Thursday, June 1, 2017

What’s Up, Doc?

I’ve reached that ‘special’ age where parts of me stiffen and ache. When I get tired of putting up with this nonsense, and I don’t feel a medical doctor is doing enough for me, I start researching the cause and what I can do about it. Yes, I’ve been known to dabble in alternative medicines, but only if it made a kind of sense to me AND had next-to-no side effects.

Aromatherapy? Sure. That’s just a matter of smell, and most of the essential oils have a pleasant odor, so why not?

Chiropractics? I’m a firm believer. It seems most medical doctors only worry about bones if they’re broken or completely out of place, but those x-rays can show a chiropractitioner that a particular bone is ‘in place’ but slightly twisted. For years, I would off and on see a chiro for a low-back pain that would radiate down one leg. It would take a few weeks for him to convince that bone to stay untwisted, but then I was good for another year or so.

Acupuncture? I don’t like needles, so I’ve only had the electronic kind, but it seems to help, at least with sinuses and headaches.

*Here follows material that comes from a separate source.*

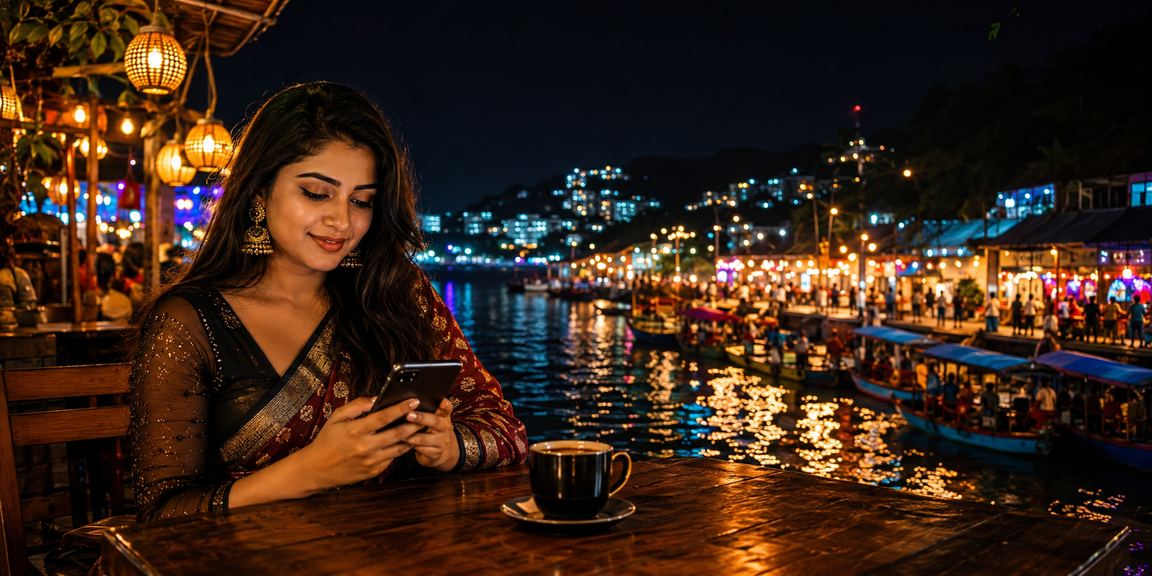 রাঙামাটিতে রাতের বাজারে মোবাইল পেমেন্ট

But a person has to be careful. Some ‘remedies’ or ‘procedures’ are nothing but a scam.

For instance, let’s look at a company called Theranos. Stanford University student Elizabeth Holmes created a wearable patch that could adjust the dosage of drug delivery and notify doctors wirelessly of variables in the patient’s blood. At the age of 19, she founded Theranos and worked to develop chip technology that would make blood tests quicker and cheaper, requiring only the blood from a pin prick, similar to a blood sugar test.

In 10 years, she had raised over $400 million in funding, but her work was done in secret, which did not sit well with some health groups. Also, Theranos did the testing themselves and did not allow their work to be peer-reviewed. Problems ensued, and grew, as Theranos labs failed inspections, the small-dose blood test equipment apparently required test tubes full of blood, and it was found that the labs actually used the exact same equipment that other labs used.

Why does this matter? It’s left a bitter taste in mouths of many people, from investors to corporations who chose to ‘partner’ with the new company to government agencies who were shocked when they inspected Theranos labs, right down to the patients who thought things were really changing, only to find out everything was the same. Oh, maybe one thing might have changed; the work done at Theranos labs may or may not have been less accurate than that of other labs.

That’s why I carefully study ‘alternatives’ to regular medicine, whether they involve ‘ancient knowledge’, a new ‘break-through’, or something in between. I did not work up any enthusiasm for Holmes’ blood-lab chip for a number of reasons:
1. Holmes was a chemical engineering student, which - in my mind - is nowhere near a medical professional.
2. She dropped out of school after one year even though her school adviser - when she explained her plans for a blood-lab chip - told her it wouldn’t work.
3. She ran her company in complete secrecy, which is apparently standard for tech start-ups, but NOT for medical companies.
4. She filled the company board with politicians and military types. She filled the company with engineers. I suppose for a product like she wanted, you would need some engineers, but... where were the physicians?
5. Ten years in, there was still NO SIGN of these blood-lab chips. Really? After 10 years, they could do nothing any differently from anybody else? They couldn’t even come up with a desk-top-sized machine that could take a smear of blood and test for something?

Okay, there are problems with the ‘old’ technology; the patient has to be stuck with a needle and have a significant amount of blood drawn (depending on how many and what tests are to be done), and both patient and doctor have to wait for the results to come back from the lab. It would be exciting to have a blood-lab chip that would eliminate both of these, but we don’t. Even after 14 (almost 15) years, we don’t.

In this case, I guess... Tried and true will have to do.